Je ne lui en veux pas, bien entendu. Au contraire. Je viens de lire deux de ses livres, qui me rappellent combien il est plus intelligent et plus cultivé que moi. Son érudition semble n'avoir pas de limites. Je me sens tout petit, d'un coup...
La bibliothèque, la nuit, parle des livres qu'il possède chez lui. Un nombre impressionnant, photo à l'appui. Là aussi, je trouve une différence entre lui et moi: il accumule, je disperse. Il a besoin d'avoir sous la main tous les ouvrages qu'il a lus, tous ceux qu'il pourrait lire, parfois en plusieurs éditions et traductions. Je me suis beaucoup détaché des livres comme objets, il me suffit d'en avoir quelques-uns pour être heureux.
Manguel ne parle pas que de sa bibliothèque personnelle. Il se fait l'historien des bibliothèques et des bibliothécaires, il dit tout sur ces fous qui, comme lui, ont cherché à amasser, à ranger (ah! le rangement!), à donner accès aux rayons...
Il y a de grands et de petits projets. Internet n'est pas oublié - Manguel n'en est pas un inconditionnel, même s'il en apprécie les qualités.
Cette somme de connaissances où l'auteur s'implique avec le poids de toute une vie se lit avec un plaisir constant. Toute personne cultivée, ou qui désire l'être, devrait faire un tour dans ces pages.
C'est un peu plus compliqué pour La cité des mots, son dernier ouvrage en date.

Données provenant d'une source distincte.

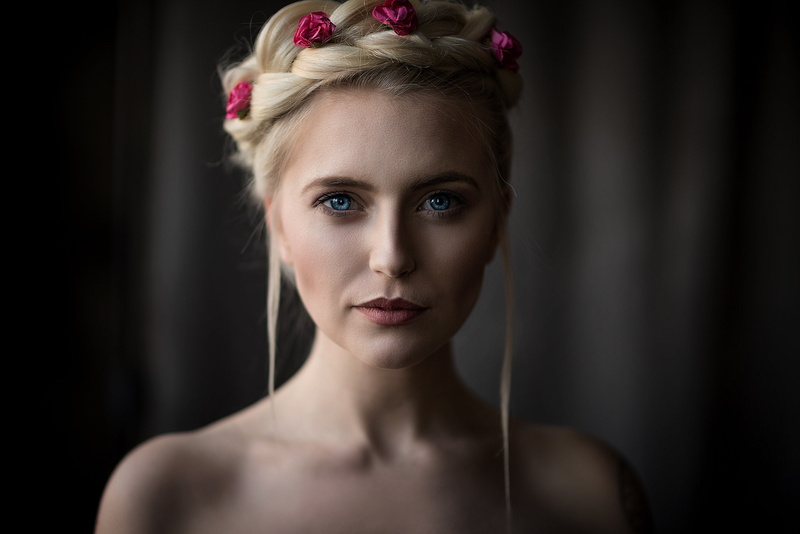 1080P, blonde, blue eyes, Mark Prinz, face, bare shoulders, portrait, women, tattoo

Les cinq causeries qu'il rassemble supposent une pratique préalable et sérieuse de la lecture, ainsi que des connaissances qui en découlent. Il n'est pas impossible de le lire sans cet acquis, mais on risque de s'y perdre en chemin, tant la progression de Manguel d'un texte à l'autre est labyrinthique - le labyrinthe d'une bibliothèque dont le contenu serait classé par associations d'idées plutôt que selon une méthode rationnelle.
Il s'agit, malgré tout, de maintenir en vie l'idée que la lecture nous est indispensable, et je ne peux qu'adhérer à cette thèse. Lisez la conclusion du livre:
En dehors de la couleur locale et des caricatures racistes, et indépendamment des questions circonstancielles d’économie politique et de stratégies industrielles, comment définissons-nous la société à laquelle nous disons appartenir et qui, à son tour, nous définit ? Quel est ce sablier au travers duquel nous passons et dont la forme et la nature ne cessent de changer ? Par quels moyens nous imaginons-nous dans un lieu que nous appelons chez nous ? Et qui sommes-nous, ses habitants, établis ou de passage ?
On peut trouver l’une ou l’autre réponse, ou plutôt des questions mieux formulées, dans certaines histoires, comme celles que j’ai évoquées au cours de ces causeries. Et pourtant les histoires, même les plus belles et les plus vraies, ne peuvent pas nous sauver de notre folie. Les histoires ne peuvent pas nous protéger de la souffrance et de l’erreur, des catastrophes naturelles et artificielles, de notre propre avidité suicidaire. La seule chose qu’elles peuvent faire, parfois, pour des raisons imprévisibles, c’est nous parler de cette folie et de cette avidité, et nous appeler à rester vigilants à l’égard de nos technologies de plus en plus perfectionnées. Les histoires peuvent nous consoler dans la souffrance et nous offrir des mots pour nommer notre expérience. Les histoires peuvent nous dire qui nous sommes et ce que sont ces sabliers au travers desquels nous passons, et suggérer des possibilités d’imaginer un avenir qui, sans exiger de confortables dénouements heureux, peut nous proposer des façons de rester en vie, ensemble, sur cette Terre si mal traitée.